TASK PROMPT ::
The answer must be every line of the records below that contains the word "Warm".
** Opening INFORMATION block **
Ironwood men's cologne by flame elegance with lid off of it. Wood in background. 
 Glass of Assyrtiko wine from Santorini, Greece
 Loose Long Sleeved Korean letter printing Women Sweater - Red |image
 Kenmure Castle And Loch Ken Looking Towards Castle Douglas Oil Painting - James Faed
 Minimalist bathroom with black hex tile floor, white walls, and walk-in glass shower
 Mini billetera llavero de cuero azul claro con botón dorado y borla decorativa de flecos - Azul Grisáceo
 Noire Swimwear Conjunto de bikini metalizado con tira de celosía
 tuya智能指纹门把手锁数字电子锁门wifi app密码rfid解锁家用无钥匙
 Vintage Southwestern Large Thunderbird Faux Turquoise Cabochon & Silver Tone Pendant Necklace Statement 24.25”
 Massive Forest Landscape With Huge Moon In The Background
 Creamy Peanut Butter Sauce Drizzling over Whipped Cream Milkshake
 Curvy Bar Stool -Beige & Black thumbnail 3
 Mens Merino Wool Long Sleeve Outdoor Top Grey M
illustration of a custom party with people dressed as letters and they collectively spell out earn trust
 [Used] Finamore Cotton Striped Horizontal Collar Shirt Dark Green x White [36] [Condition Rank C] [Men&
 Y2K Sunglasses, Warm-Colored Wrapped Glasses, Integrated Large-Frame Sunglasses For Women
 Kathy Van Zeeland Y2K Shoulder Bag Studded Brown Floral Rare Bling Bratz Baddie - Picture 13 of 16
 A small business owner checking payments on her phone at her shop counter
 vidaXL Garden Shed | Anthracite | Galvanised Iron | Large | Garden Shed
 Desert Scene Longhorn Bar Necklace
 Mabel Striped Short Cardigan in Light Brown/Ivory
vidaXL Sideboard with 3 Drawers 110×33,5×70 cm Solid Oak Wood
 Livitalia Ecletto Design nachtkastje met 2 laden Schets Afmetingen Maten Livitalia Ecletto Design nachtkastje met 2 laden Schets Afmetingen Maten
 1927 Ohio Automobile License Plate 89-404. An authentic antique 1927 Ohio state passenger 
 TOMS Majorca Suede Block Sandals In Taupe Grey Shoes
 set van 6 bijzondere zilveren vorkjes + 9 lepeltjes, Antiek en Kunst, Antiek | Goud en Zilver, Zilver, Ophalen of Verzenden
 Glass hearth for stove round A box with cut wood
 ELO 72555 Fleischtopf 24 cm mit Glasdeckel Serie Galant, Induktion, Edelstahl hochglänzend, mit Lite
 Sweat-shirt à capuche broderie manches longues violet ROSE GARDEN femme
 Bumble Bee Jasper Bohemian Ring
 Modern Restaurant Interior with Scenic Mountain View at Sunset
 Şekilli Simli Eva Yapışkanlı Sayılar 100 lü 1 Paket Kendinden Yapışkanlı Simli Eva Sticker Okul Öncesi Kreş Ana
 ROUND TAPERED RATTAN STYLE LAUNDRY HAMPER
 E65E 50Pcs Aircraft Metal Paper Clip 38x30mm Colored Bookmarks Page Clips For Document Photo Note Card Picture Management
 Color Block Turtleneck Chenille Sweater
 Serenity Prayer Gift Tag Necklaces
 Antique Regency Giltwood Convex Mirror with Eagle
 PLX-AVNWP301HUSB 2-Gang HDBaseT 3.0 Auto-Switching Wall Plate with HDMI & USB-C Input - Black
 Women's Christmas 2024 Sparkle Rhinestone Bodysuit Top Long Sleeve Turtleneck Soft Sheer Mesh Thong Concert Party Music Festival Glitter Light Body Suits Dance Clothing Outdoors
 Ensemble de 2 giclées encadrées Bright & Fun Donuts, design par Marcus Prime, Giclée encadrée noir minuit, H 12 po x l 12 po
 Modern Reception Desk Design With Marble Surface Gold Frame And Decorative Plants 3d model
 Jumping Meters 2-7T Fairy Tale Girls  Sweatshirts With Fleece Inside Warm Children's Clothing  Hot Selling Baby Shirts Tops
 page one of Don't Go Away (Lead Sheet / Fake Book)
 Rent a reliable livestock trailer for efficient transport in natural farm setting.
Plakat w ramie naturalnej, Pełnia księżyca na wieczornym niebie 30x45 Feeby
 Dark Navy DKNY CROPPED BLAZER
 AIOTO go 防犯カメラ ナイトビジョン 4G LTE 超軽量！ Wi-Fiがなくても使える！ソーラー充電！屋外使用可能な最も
** Closing INFORMATION block **
SOLVED PROBLEM ::
 Y2K Sunglasses, Warm-Colored Wrapped Glasses, Integrated Large-Frame Sunglasses For Women
 Jumping Meters 2-7T Fairy Tale Girls  Sweatshirts With Fleece Inside Warm Children's Clothing  Hot Selling Baby Shirts Tops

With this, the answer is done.